ACTION ITEM »
Transcribe every entry that follows exactly, omitting all pictures.

Recorded data
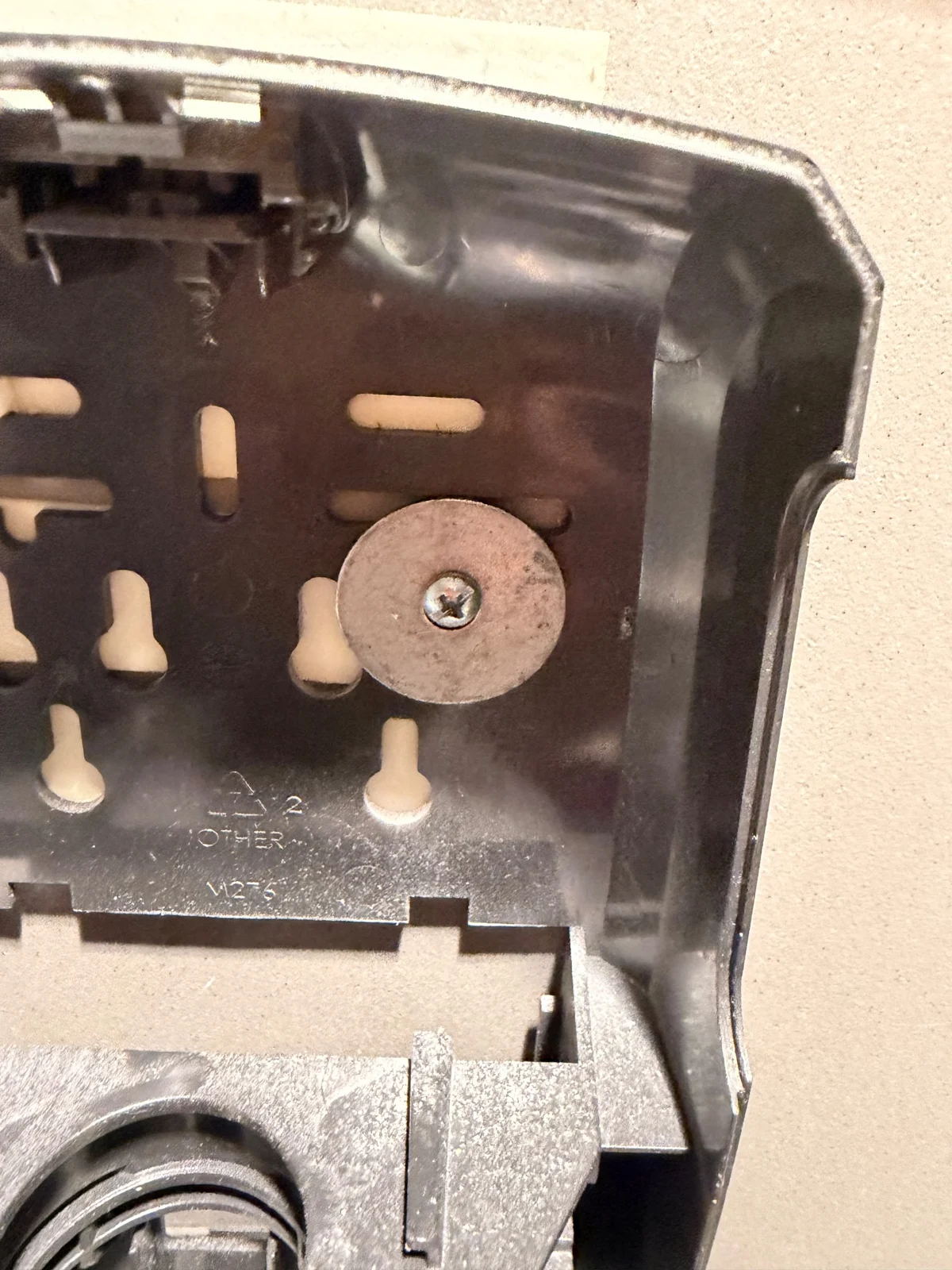 A screw and washer visible inside an open soap-dispenser housing.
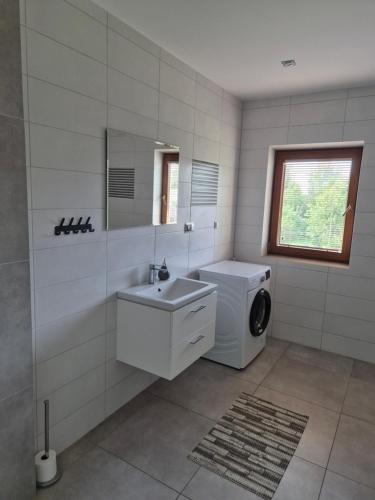 a bathroom with a washing machine and a sink at Spełnienie Marzeń Bóbrka in Bóbrka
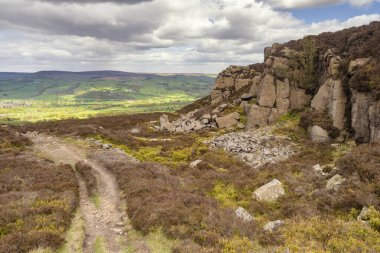 Batı Yorkshire'da İlkley ve Addingham arasındaki Dales High Way'de yürüyüş, Gamalı Haç Taşı ve İlkley Moor'u gösteriyor.. 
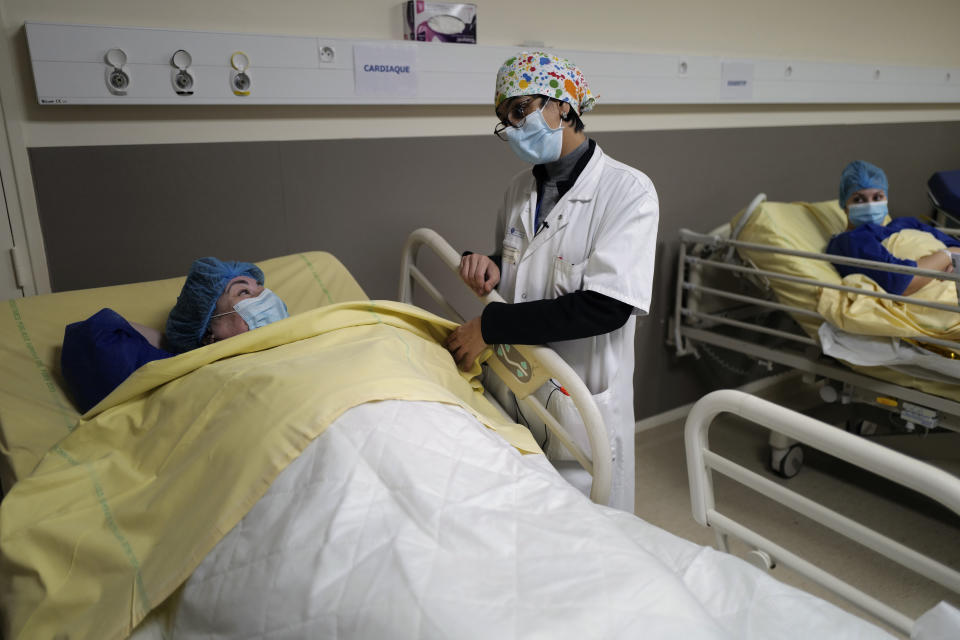 Surgeon Lara Ribeiro Parenti, right, talks to Caroline Erganian, prior to her surgery at Bichat Hospital, AP-HP, in Paris, Wednesday, Dec. 2, 2020. Erganian, 58, hopes to shed more than a third of her weight as a result of having a large part of her stomach cut out and be free of knee and back pain — and of her cane. She prayed in the final weeks that her phone wouldn't ring with news of another delay. (AP Photo/Francois Mori)
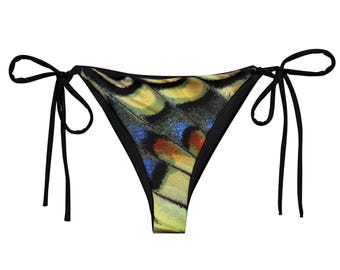 May include: A black bikini bottom with a butterfly wing pattern. The pattern features yellow, blue, and orange hues. The bikini bottom has black ties on each side.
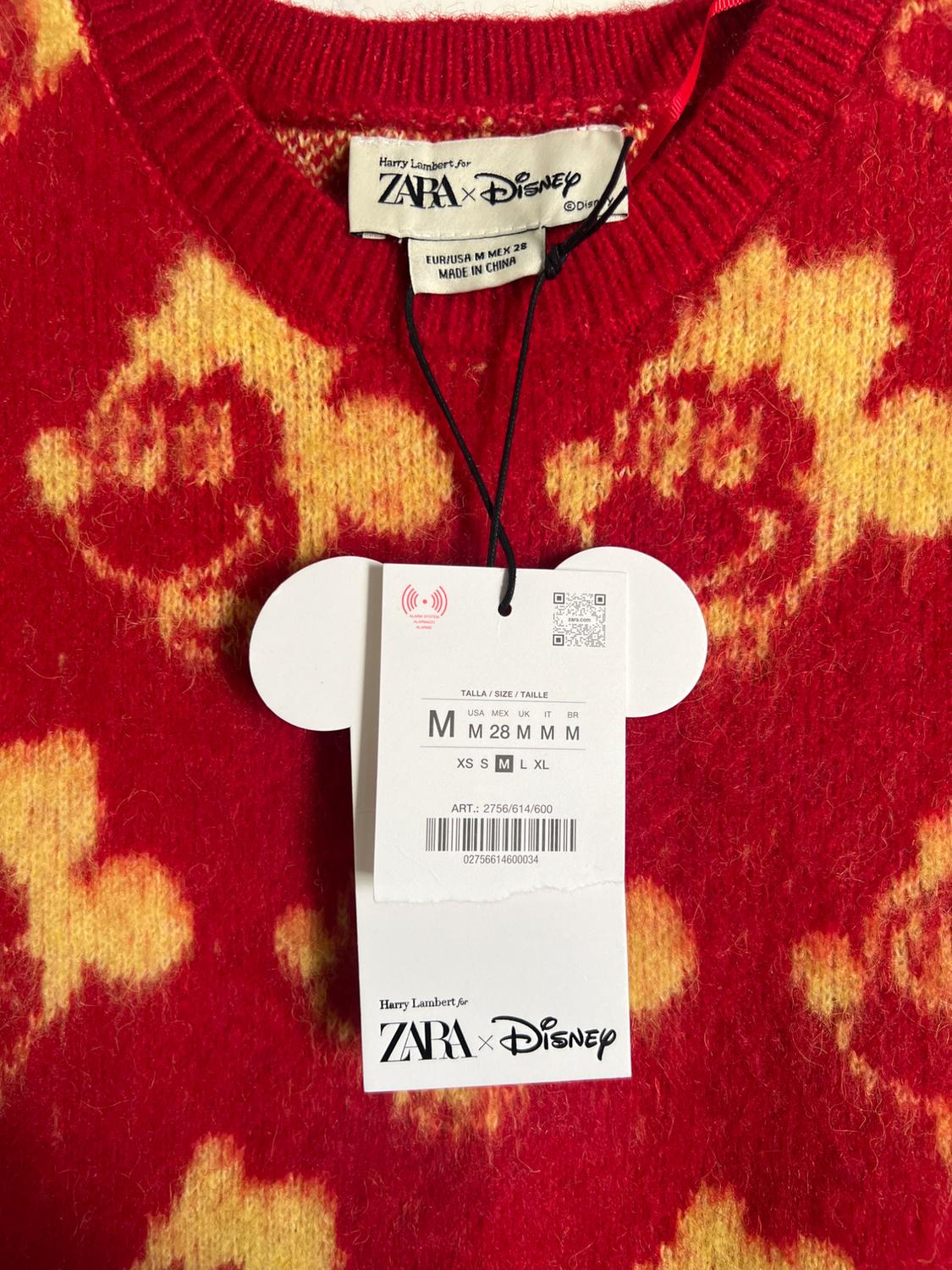 Red jumper tag with yellow print, Harry Lambert for Zara x Disney collaboration. Size M, made in China. Mickey-shaped tag.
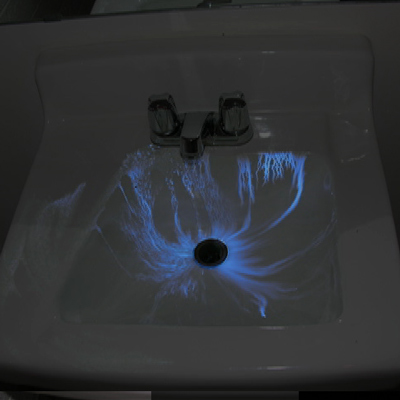 Luminol highlighting blood in a sink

ANSWER SPACE »
 A screw and washer visible inside an open soap-dispenser housing.
 a bathroom with a washing machine and a sink at Spełnienie Marzeń Bóbrka in Bóbrka
 Batı Yorkshire'da İlkley ve Addingham arasındaki Dales High Way'de yürüyüş, Gamalı Haç Taşı ve İlkley Moor'u gösteriyor.. 
 Surgeon Lara Ribeiro Parenti, right, talks to Caroline Erganian, prior to her surgery at Bichat Hospital, AP-HP, in Paris, Wednesday, Dec. 2, 2020. Erganian, 58, hopes to shed more than a third of her weight as a result of having a large part of her stomach cut out and be free of knee and back pain — and of her cane. She prayed in the final weeks that her phone wouldn't ring with news of another delay. (AP Photo/Francois Mori)
 May include: A black bikini bottom with a butterfly wing pattern. The pattern features yellow, blue, and orange hues. The bikini bottom has black ties on each side.
 Red jumper tag with yellow print, Harry Lambert for Zara x Disney collaboration. Size M, made in China. Mickey-shaped tag.
 Luminol highlighting blood in a sink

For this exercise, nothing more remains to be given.